Commento critico (a cura di PATRIZIA FERRETTI)
Dispiace dirlo, ma, seppure con tutte le migliori intenzioni di regia - Kasi Lemmons (La baia di Eva) - e interpretazione - Naomi Ackie (la Jannah in Star Wars: L’ascesa di Skywalker) - il biopic Whitney: una voce diventata leggenda (in originale I Wanna Dance with Somebody), non ha funzionato. Non solo, ma l’effetto è un po' quello estraniante, se non proprio denigratorio, ottenuto per Marilyn Monroe da Andrew Dominik con Blonde, in cui ad immolarsi sulla pira sacrificale è toccato all’attrice di punta Ana De Armas. Un copione sbagliato, fin dall’orientamento direttivo, in maniera simile a questo: biopic fin troppo didascalico in cui si preferisce la narrativa estesa ad uno sguardo d’insieme, piuttosto che concentrarsi su scorci particolari, magari di maggior spicco: come ad esempio la genesi e gli sviluppi di alcuni brani musicali o coreografie di danza, cui allude peraltro il titolo originale, ma che restano per lo
più sulla carta e non sullo schermo. E dire che il tempo, con ben 146 minuti di durata, non mancava di certo! Un aspetto di cui si è invece tenuto ben conto ad esempio in Bohemian Rhapsody per Freddy Mercury (un grande Rami Malek), storia peraltro scritta dallo stesso Anthony McCarten che firma ora la sceneggiatura per Whitney.
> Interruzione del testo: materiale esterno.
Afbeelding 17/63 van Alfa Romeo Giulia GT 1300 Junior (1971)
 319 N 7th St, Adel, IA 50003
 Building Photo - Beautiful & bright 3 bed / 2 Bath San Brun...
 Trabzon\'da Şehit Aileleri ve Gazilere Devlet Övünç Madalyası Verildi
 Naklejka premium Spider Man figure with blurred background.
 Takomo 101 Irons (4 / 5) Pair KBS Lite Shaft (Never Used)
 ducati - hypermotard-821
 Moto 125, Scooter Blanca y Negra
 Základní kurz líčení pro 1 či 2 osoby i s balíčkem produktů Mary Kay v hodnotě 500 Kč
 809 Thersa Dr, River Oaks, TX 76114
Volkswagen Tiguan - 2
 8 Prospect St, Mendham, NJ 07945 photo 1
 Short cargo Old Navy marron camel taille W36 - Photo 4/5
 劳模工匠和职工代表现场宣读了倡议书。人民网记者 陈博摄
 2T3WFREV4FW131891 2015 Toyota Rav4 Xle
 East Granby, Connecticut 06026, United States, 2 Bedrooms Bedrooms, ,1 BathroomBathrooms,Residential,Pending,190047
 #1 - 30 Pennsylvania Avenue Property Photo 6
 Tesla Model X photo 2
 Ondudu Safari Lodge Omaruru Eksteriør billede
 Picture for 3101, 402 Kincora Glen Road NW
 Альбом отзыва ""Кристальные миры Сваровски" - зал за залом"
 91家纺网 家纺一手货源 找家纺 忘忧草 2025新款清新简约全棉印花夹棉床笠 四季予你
sono tra le più rappresentative. Dai suoi inizi all’ombra della madre, già cantante e sua prima insegnante - Cecil (Cissy) Houston - e del gospel, fino all’incontro con l'importante discografico, il Clive Davis di uno Stanley Tucci assolutamente in parte, delicato, paterno, lungimirante consigliere e insostituibile coach nelle scelte musicali, dal lancio, fin lungo l’apice della carriera e la fase discendente dell’intera parabola, il biopic Whitney, dell’afro-americana attrice e regista Kasi Lemmons, sorvola in ogni dove la parabola esistenziale ed artistica della Houston, lambendo a volo d’uccello anche i suoi, ben noti, coni d’ombra, quelli che l’hanno vista scivolare sempre più verso la deriva, sopraffatta dalla dipendenza da alcool e droghe che le è stata fatale. Con buona responsabilità del padre manager, di un marito che non avrebbe mai dovuto sposare e di tutti coloro che non avevano scrupolo ad usarla - come un bancomat - a proprio beneficio personale.
Il pregio del film, uno dei pochi, in seno a questa visione globale, paradossalmente anaffettiva, quasi da piccolo schermo, è l’essere scivolati oltre la tragica fine, mostrando il simbolo di quella vasca da bagno, per appuntarsi invece, mentre si guadagna l’epilogo, sul ricordo di una performance musicale record: un trittico irraggiungibile per vocalità diverse dalla portata di Whitney Houston. Un’artista che ha abbracciato anche l’interpretazione cinematografica nel celebre Guardia del corpo, che occhieggia pure da questa pellicola, emulatrice di un talento e di un fascino non solo vocali, cui non è stata resa la dovuta giustizia. Ed è perciò proprio a Guardia del corpo che ci è piaciuto tornare, per ricordare con affetto la Whitney Houston reale, dai lineamenti delicati e minuti, a dispetto delle sue origini, dal naturale fascino avvolgente e fresco, come un alito di primavera, e una voce in grado di far levitare da terra, portando a
sfiorare la volta celeste, rischiarandola con il suo sguardo luminoso e vibrante. Una dimensione indubbiamente impossibile da replicare!